Anil Agarwal, founder and Chairman of Vedanta Resources Plc
London-based Vedanta Resources Plc on Sunday announced the much anticipated merger of its two listed Indian arms - Vedanta Ltd and Cairn India Ltd. While the merger of oil producer Cairn India with the metals and mining firm Vedanta Ltd (earlier known as Sesa Sterlite) makes sense structurally, it’s far from being a done deal.
There are many issues that will need to be addressed by the conglomerate in the process of effecting the merger, which is crucial to billionaire Anil Agarwal’s ambition of transforming Vedanta into a diversified resources powerhouse à la BHP Billiton. Vedanta has sought to address some of these issues by throwing in a sweetener with a deal for Cairn India’s minority shareholders.
According to the scheme announced on Sunday, each shareholder will receive one share of Vedanta Ltd for every share held in Cairn India. Additionally, they will also receive one redeemable preference share that will bear an interest rate of 7.5 percent per annum and can be redeemed at par after 18 months.
In the run-up to the announcement of the merger, there were concerns from various quarters about the fact that Cairn India’s minority shareholders would have got a much better deal had the merger taken place at a time when crude prices were ruling high, and not as depressed as they are at present. But the 1:1 swap ratio, along with the additional preference share, will take care of some of that heartburn.
But that’s just a small consolation. Certain other issues remain to be resolved.
The deal, which Vedanta hopes to complete by March 2016, qualifies as a significant related party transaction and will need the majority approval of minority shareholders. There is a wide perception that Vedanta may use Cairn India’s handsome cash resources to pare its own debt.
As on March 31, Cairn India has cash and cash equivalents to the tune of Rs 16,867 crore, whereas Vedanta had a net debt of Rs 37,636 crore with a highly skewed net debt to Ebitda (earnings before interest, tax, depreciation and amortisation) ratio of 14.2:1.
Even though Cairn India has indicated that using Cairn India’s cash to repay Vedanta’s debt is not the primary objective of the merger, the fact remains that money is fungible, especially once the balance sheets of the two companies are aligned.
This may lead to confusion in the minds of some minority investors regarding which way to vote, especially due to Vedanta’s past act of taking out a $1.25 billion loan from Cairn India to bring down the leverage of an unlisted subsidiary.
Then comes the issue of a potential transfer of petroleum mining rights from Cairn India to Vedanta Ltd apart from a pending tax litigation.
“A Cairn-Vedanta merger may possibly involve the transfer of petroleum mining rights as well as PSCs (production sharing contracts) for the Rajasthan and other domestic E&P (exploration and production) blocks, which will require consent from the government as well as the JV partner, Oil and Natural Gas Corp Ltd (ONGC),” a Kotak Institutional Equities research report dated June 10 had said.
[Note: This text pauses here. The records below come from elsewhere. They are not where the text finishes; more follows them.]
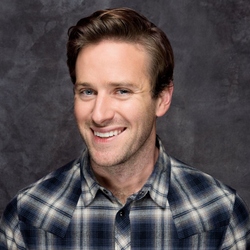 Пазл: Арми Хаммер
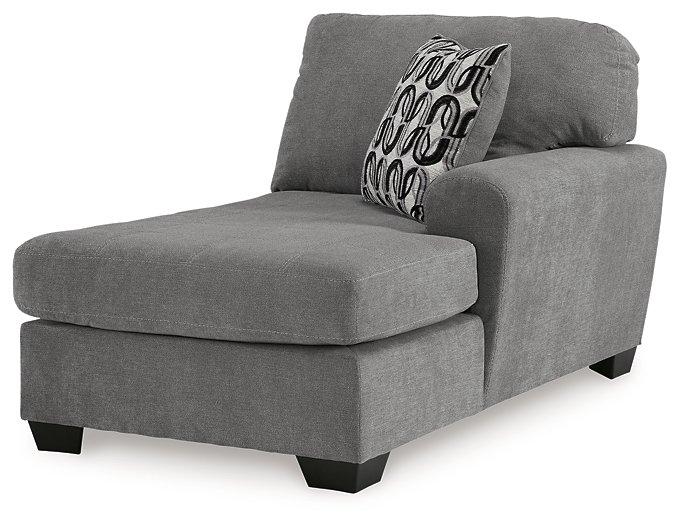 Birkdale Court Sectional - Golden Home Furniture (Columbus, OH) - Multi Location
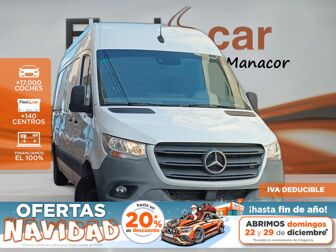 Imagen de MERCEDES Sprinter Tourer 314CDI Medio T.E tT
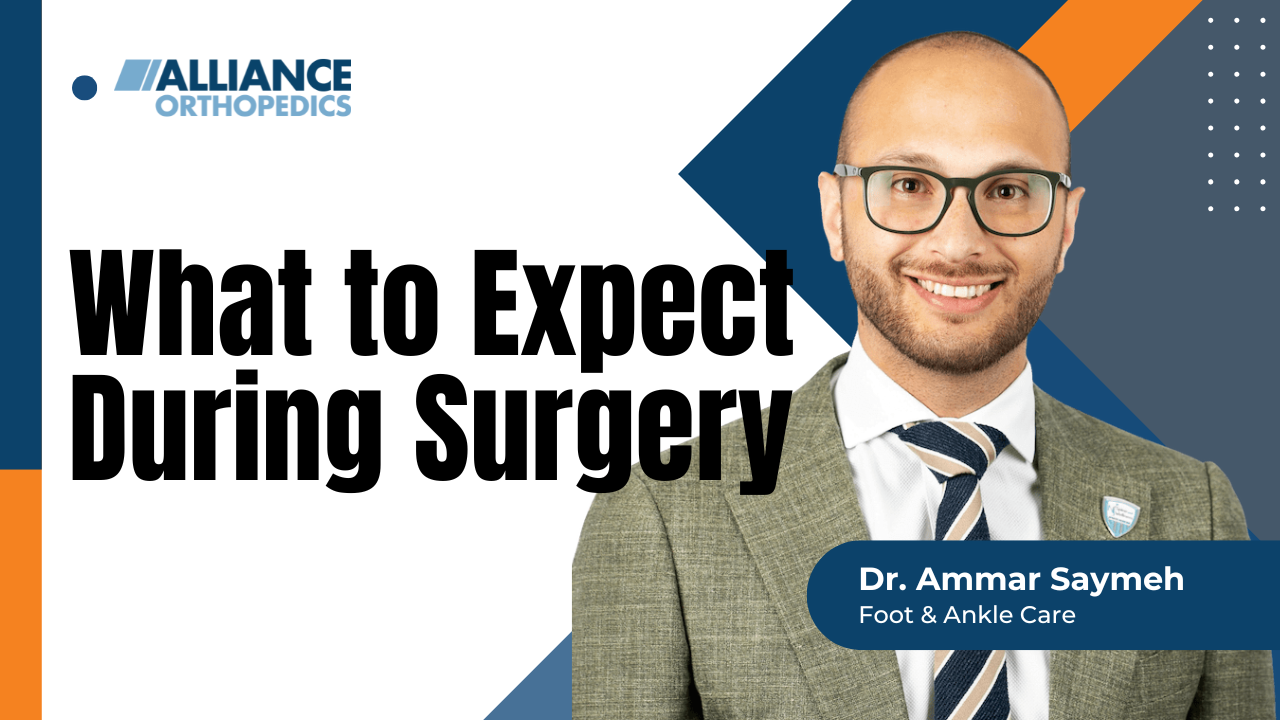 What to Expect During Surgery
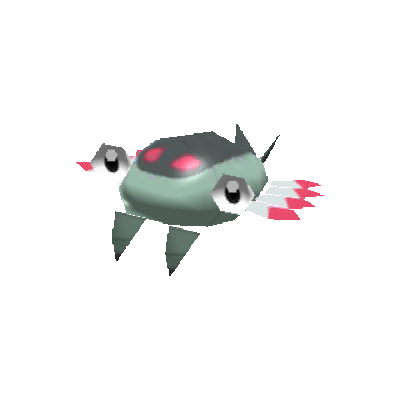 Sprite de Anorith - Pokémon Rumble Rush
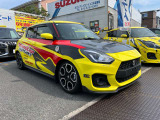 スイフト 1.4 スポーツ モンスタージムカーナスペック
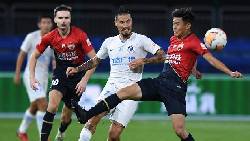 Phân tích kèo hiệp 1 Shanghai Port vs Guangzhou FC, 16h30 ngày 15/6 Phân tích kèo hiệp 1 Shanghai Port vs Guangzhou FC, 16h30 ngày 15/6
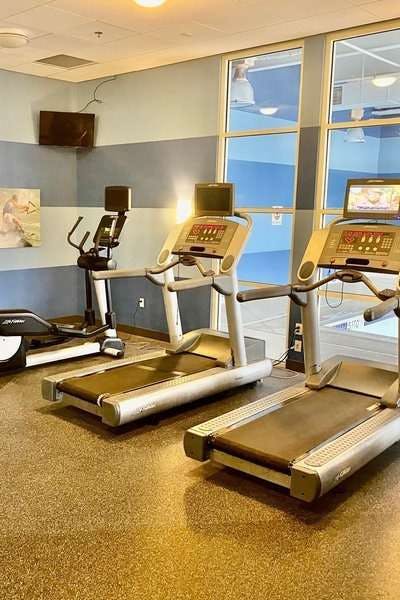 Hotel Holiday Inn Express Columbus Airport – Easton photo 4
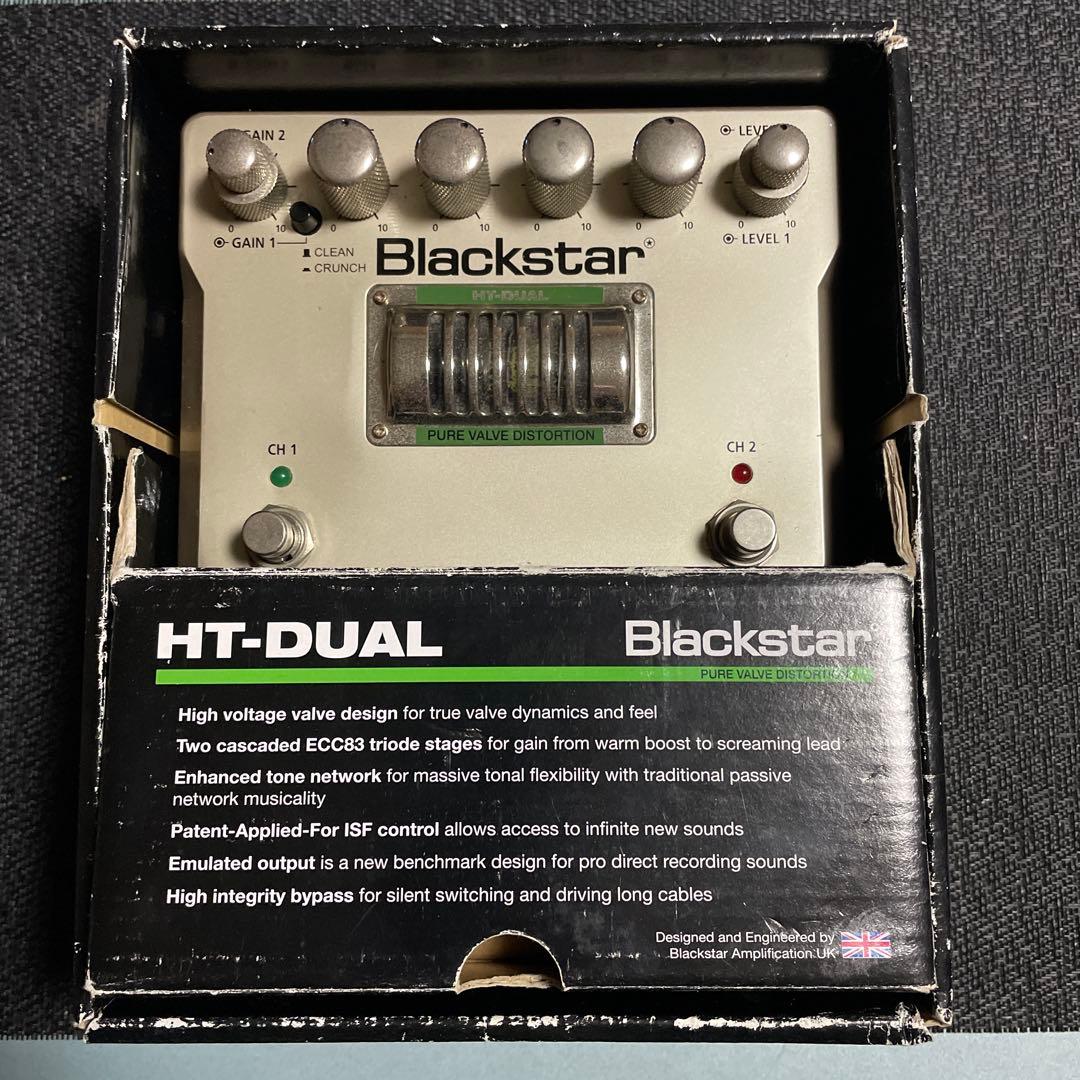 ギター Blackstar / HT-DUAL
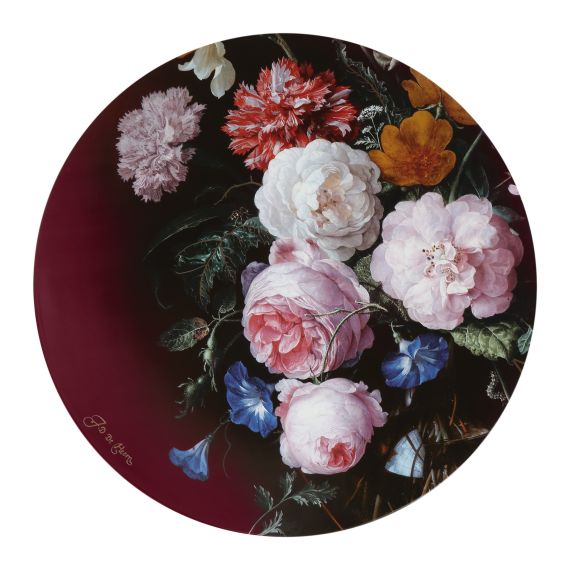 Wandbild Jan Davidsz de Heem - Blumen in Vase - Artis Orbis 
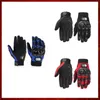 ST189 Rękawiczki motocyklowe Mężczyźni Moto Motocross Motocross Motorbike Breath Mesh Touch Screen Racing Motorbike Biker Ochronne sprzęty Glove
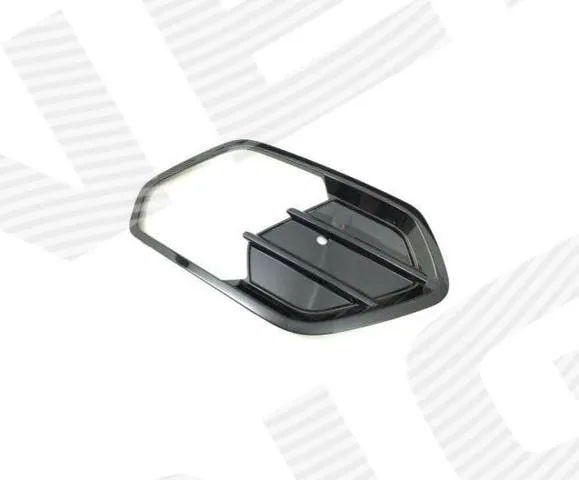 Заглушка/ решітка протитуманних фар бампера переднього, права PFD99403CAR Signeda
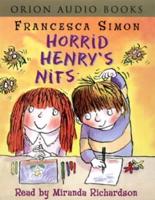 Horrid Henry's Nits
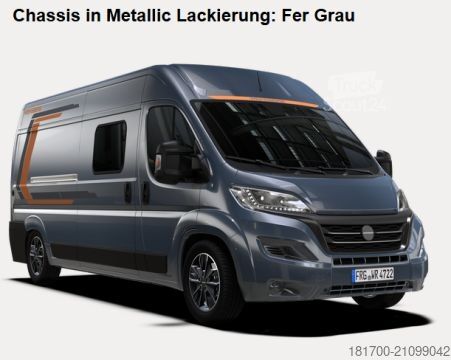 Autocamper Weinsberg CaraBus 600 MQ EDITION [FIRE] *TraumMobil*Secure*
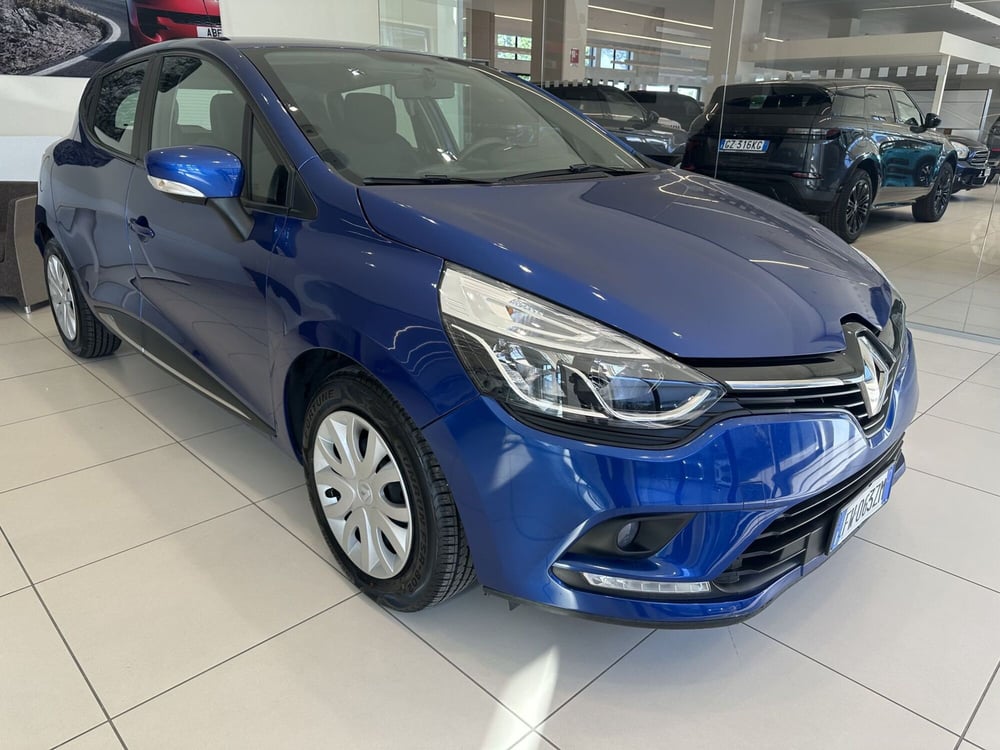 Renault Clio usata a Latina (5)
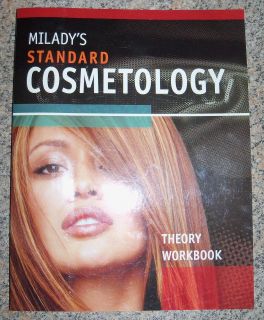 Miladys Standard Cosmetology Textbook Exam Review Theory Practical 
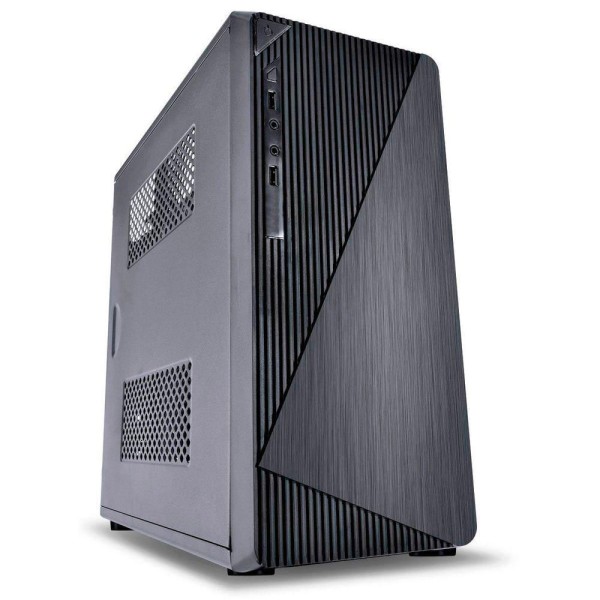 Computador Desktop, Intel Core I7 7º Geração, 4gb Ram, Hd Ssd 120gb, Conexões Usb/vga/hdmi/lan/som
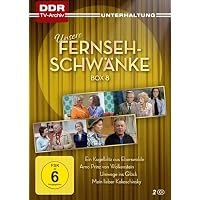 Unsere Fernsehschw&auml;nke - Box 8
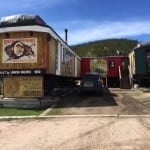 Nederland Colorado Train Cars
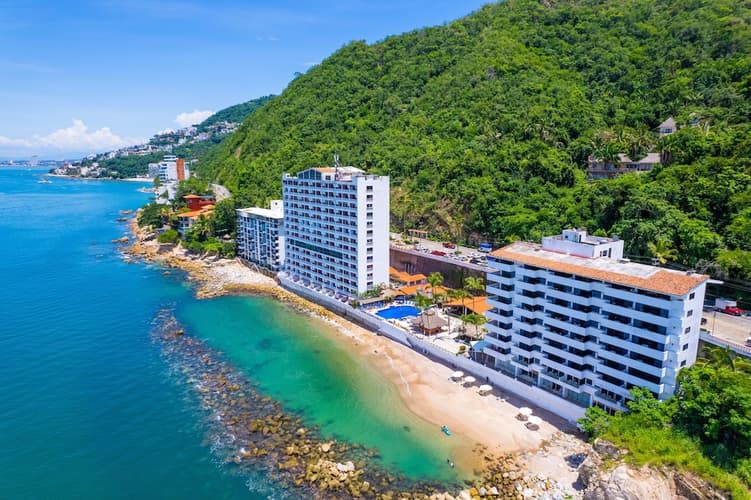 Immagine - VERANO EN PUERTO VALLARTA- STUDIO VISTA AL MAR- 2 AD Y 2 MNR- PLAYA PRIVADA- T.INCLUIDO.- MSI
The Kotak report pointed out that when Vedanta Resources Plc acquired Cairn India from Cairn Energy Plc in 2011, it was locked in a dispute with the government over the payment of royalty. Subsequently, the government gave conditional approval to the deal provided Cairn India treats royalty as a cost recoverable item, withdraws all arbitration proceedings and obtains a no-objection certificate from state-run ONGC.
“Hence, we would not rule out the possibility of another conditional government approval, as and when required, which may possibly entail a resolution on ongoing litigation with income tax department for $3.3 billion of demands pertaining to withholding tax on capital gains accounted during the restructuring of Cairn in 2006-07,” the Kotak report said. “We also note that a transfer of mining lease may have implications for payment of stamp duty and other associated taxes for Vedanta/Cairn.”
What the material implications of these uncertain-yet-potential developments could be for the minority shareholders of the merged entity remains to be seen. It isn’t clear at this point if these potential red herrings have been factored into the valuation for the deal.
“It is a little early to say which way shareholders should vote when the merger proposal comes up for ballot,” says Amit Tandon, founder and managing director of Institutional Investor Advisory Services. “Some of the earlier concerns that the Cairn India shareholders had about the timing of the merger have been mitigated due to the valuation. Also, the management has indicated that Cairn India’s cash won’t be used to retire Vedanta’s debt and the former’s capital expenditure programme won’t suffer. But there are still many variables in the proposed transaction and one will have to wait and watch.”
Approval from large institutional shareholders like Cairn Energy Plc (which retained a 9.8 percent stake in the company) and Life Insurance Corp of India will be the key to the transaction.
For the Vedanta group, the merits of the merger are crystal clear.
As a Motilal Oswal research report dated June 15 puts it: “The transaction materially improves the fungible flows of cash/debt across a diversified set of commodities.”
The combined entity’s net debt to Ebitda improves from 14.2:1 to 4.6:1. A Macquarie research report dated June 9 also points out that Vedanta Ltd’s interest coverage will improve to 3:1 from 1.1:1 at present, following the transaction.
“Cairn India shareholders will not get additional exposure to low-cost, high quality diversified set of metals (comprising zinc, aluminium, copper, lead and silver) and power business thereby reducing the risk to a single commodity,” the Motilal Oswal report said.